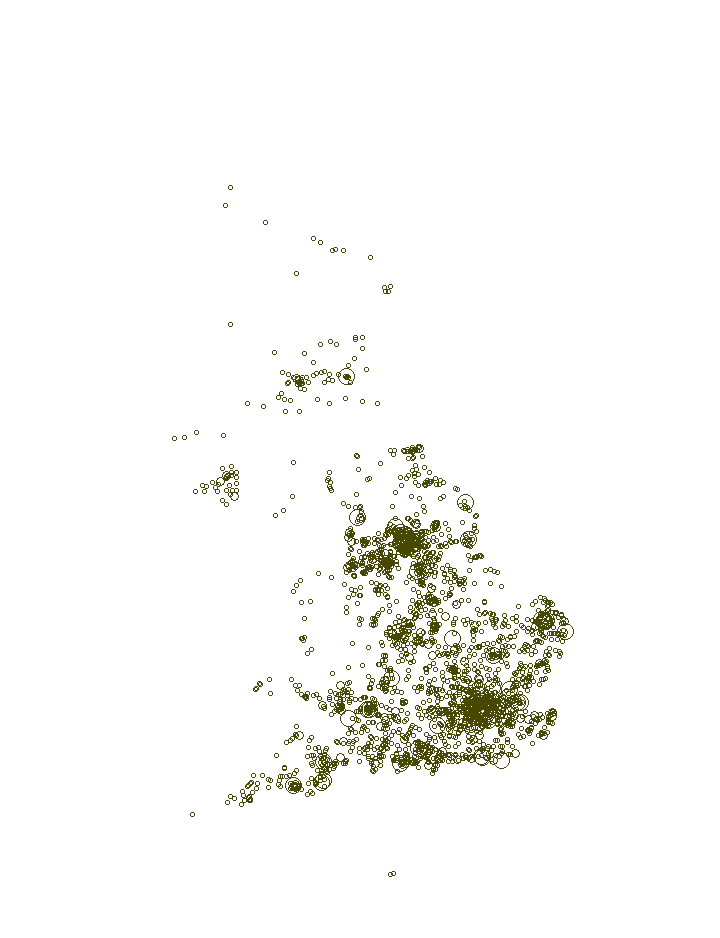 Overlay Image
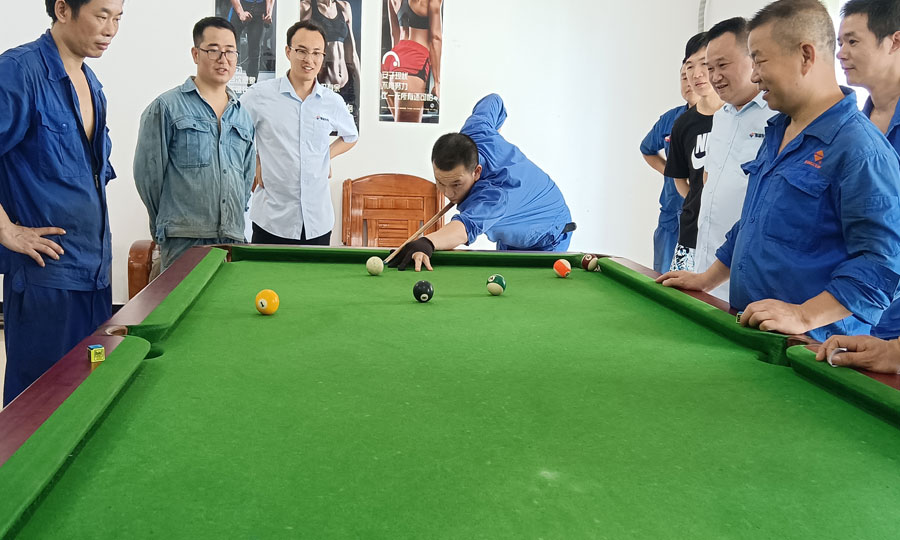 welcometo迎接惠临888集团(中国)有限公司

...

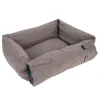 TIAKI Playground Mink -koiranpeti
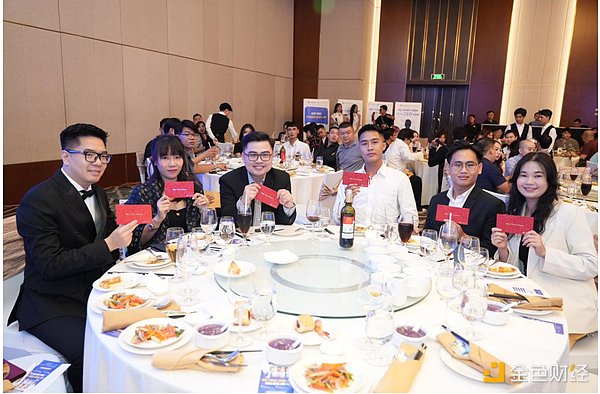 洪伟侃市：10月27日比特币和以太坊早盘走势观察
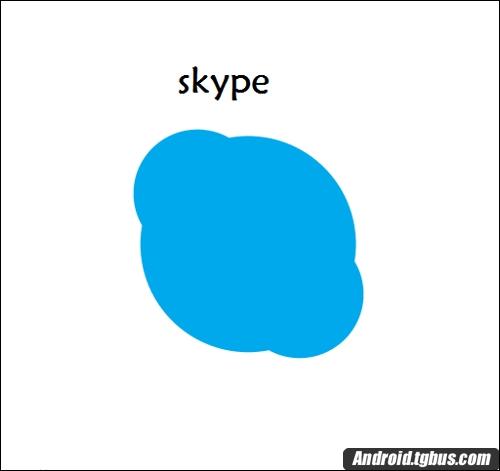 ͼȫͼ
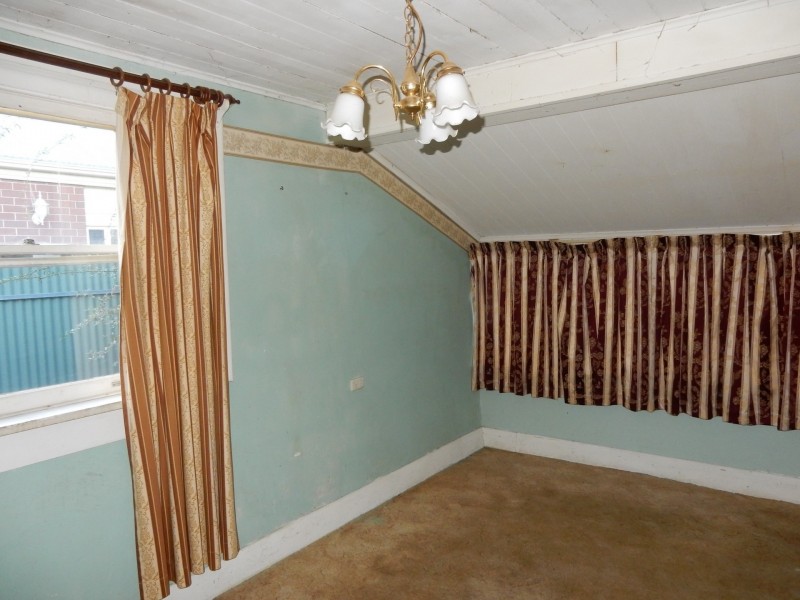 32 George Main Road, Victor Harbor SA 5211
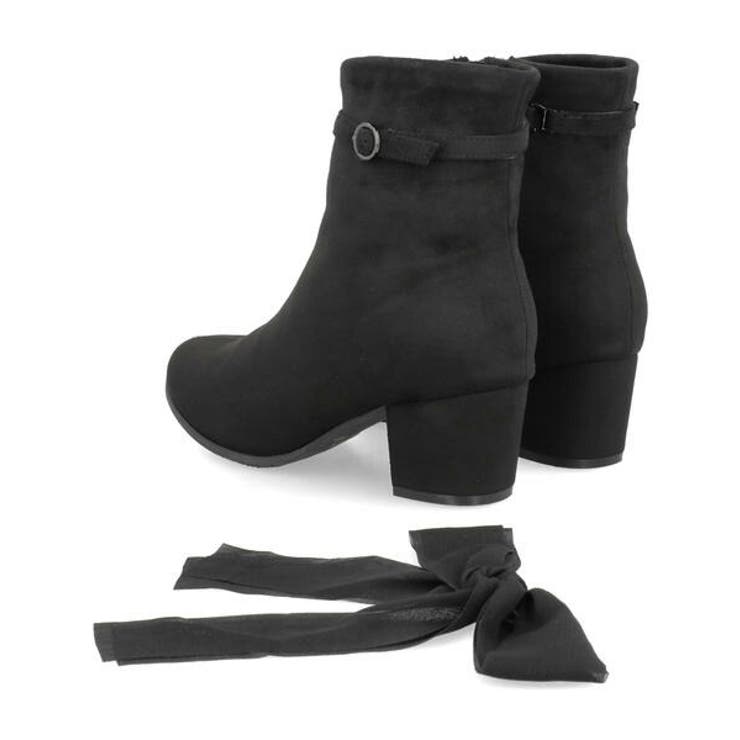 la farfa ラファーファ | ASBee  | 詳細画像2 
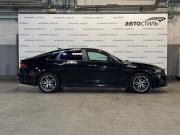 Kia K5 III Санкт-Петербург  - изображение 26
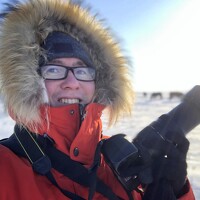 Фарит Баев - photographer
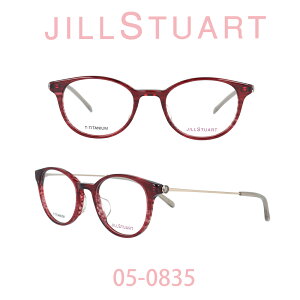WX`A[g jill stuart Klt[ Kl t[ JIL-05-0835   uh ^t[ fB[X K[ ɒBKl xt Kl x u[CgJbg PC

[What you are asked to do]
Exactly reproduce the lines above, starting at the one that contains "TIAKI Playground Mink -koiranpeti" and ending at the one that contains "x u[CgJbg PC", both inclusive; leave the pictures out and add no other lines.

[Completed exercise]
 TIAKI Playground Mink -koiranpeti
 洪伟侃市：10月27日比特币和以太坊早盘走势观察
 ͼȫͼ
 32 George Main Road, Victor Harbor SA 5211
 la farfa ラファーファ | ASBee  | 詳細画像2 
 Kia K5 III Санкт-Петербург  - изображение 26
 Фарит Баев - photographer
WX`A[g jill stuart Klt[ Kl t[ JIL-05-0835   uh ^t[ fB[X K[ ɒBKl xt Kl x u[CgJbg PC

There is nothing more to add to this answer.